For an equilateral triangle with $n$ dots on a side, how many lines are needed to connect each dot to every other dot? 
For an equilateral triangle of side length $n$ dots, as shown in this diagram below, construct a
  function, $f(n)$, which outputs the number of lines needed to connect up every dot to every other dot. A straight line through three or more dots counts
  as only one line! E.g. $f(3) = 9$ and $f(4) = 24$.


Can anyone point me in the right direction with this problem? Perhaps tell me what area of mathematics or what concepts would help me solve this? If this is a trivial problem don't give the answer but tell let me know. Thanks.
 A: Here's a solution for the problem described, i.e. if the shape is an equilateral triangle whose sides are $n$ equally spaced dots. This is assuming the dots along the sides of the triangle are the only dots.
First, count the number of dots. There are $n$ dots along one edge, with one of those dots being shared with the other two edged. Then, there are $n-1$ new dots along a second edge, with one of those shared with the final edge. Finally, there are $n-2$ dots remaining on the third edge. This gives a total of $n+(n-1)+(n-2) = 3(n-1)$ dots.
The number of edges connecting two dots is then $\binom{3(n-1)}{2} = \frac{3(n-1)(3n-4)}{2}$. However, along each side of the triangle, there are $\binom{n}{2} = \frac{n(n-1)}{2}$ edges along the same line.

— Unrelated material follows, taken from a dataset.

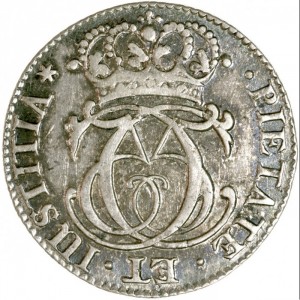 Аверс монеты Норвегия, 2 марки, 1687, Декоративная монограмма, дужки с закругленными сторонами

So, we need to subtract all but one of these (the edge connecting the corners) for each side, totaling $3[\binom{n}{2}-1] = \frac{3(n+1)(n-2)}{2}$.
Thus, the total number of necessary lines is $$ f(n) = \binom{3(n-1)}{2}-3\left[\binom{n}{2}-1\right] = 3(n^2-3n+3) $$
This gives $f(2) = 3, f(3) = 9, f(4) = 21, f(5) = 39$ and so on.